(Items from a dataset)
+===+
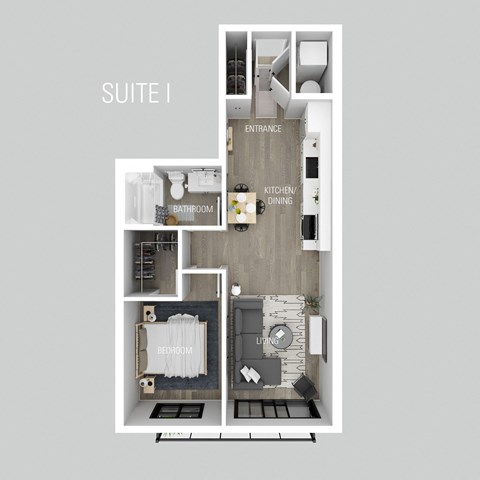 255 Bell Avenue 1-2 Beds Apartment for Rent - Photo Gallery 13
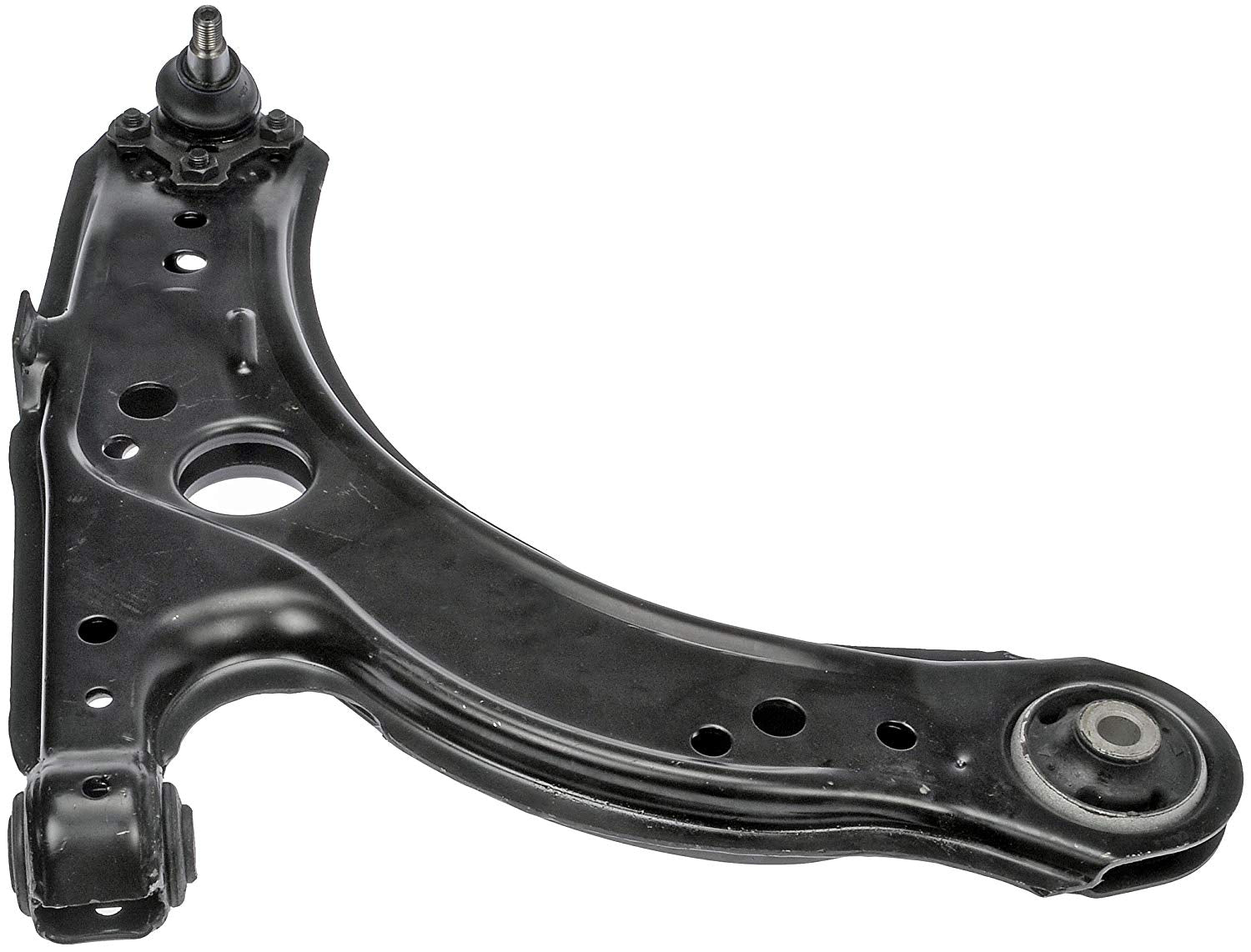 Dorman 524-144 Front Right Lower Suspension Control Arm and Ball Joint Assembly for Select Volkswagen Models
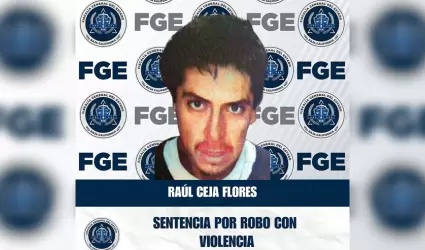 Condenado a ms de 3 aos de prisin por robo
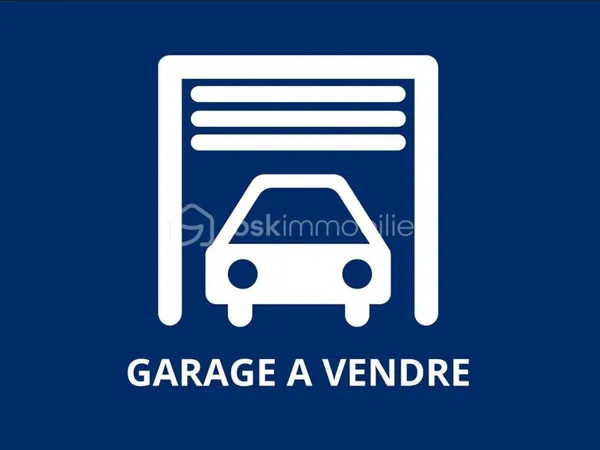Parking 15 m²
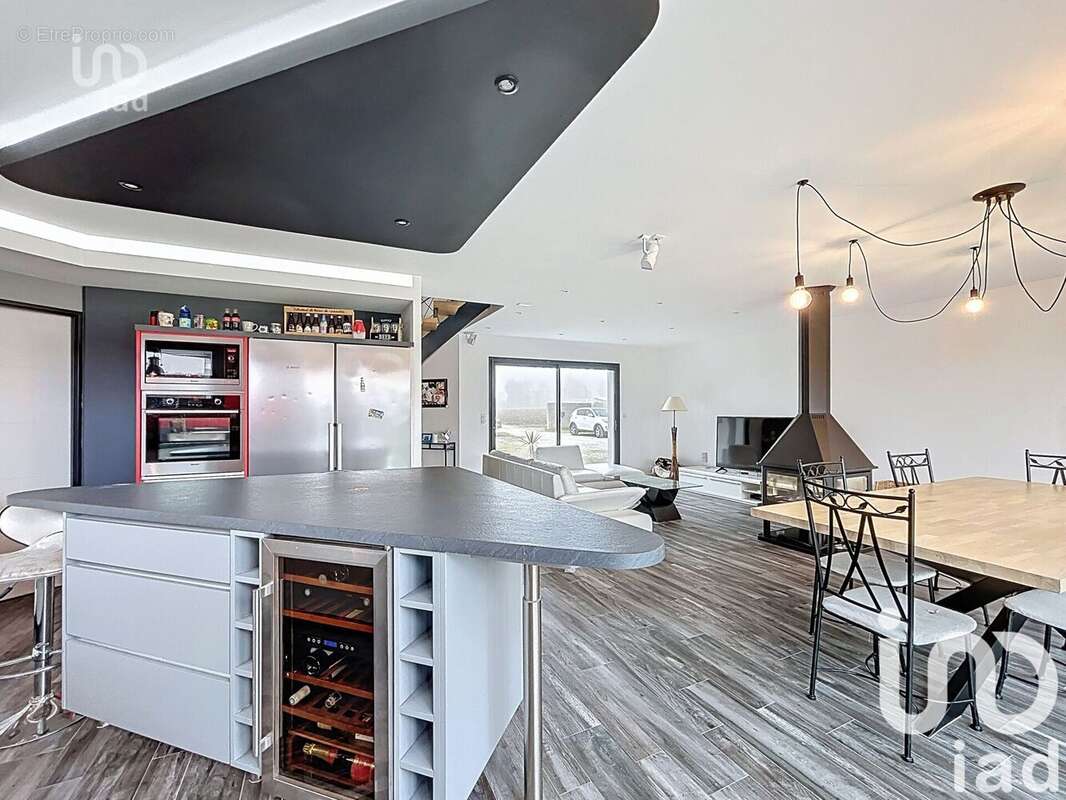 Photo 6 - Maison à SAINT-ANDRE-DE-SEIGNANX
+===+
Exercise: Extract, character for character, every line from the one that holds "Condenado a ms de 3 aos de prisin por robo" through the end of the entries above. Include both boundary lines and no pictures.

Output of the exercise:
 Condenado a ms de 3 aos de prisin por robo
Parking 15 m²
 Photo 6 - Maison à SAINT-ANDRE-DE-SEIGNANX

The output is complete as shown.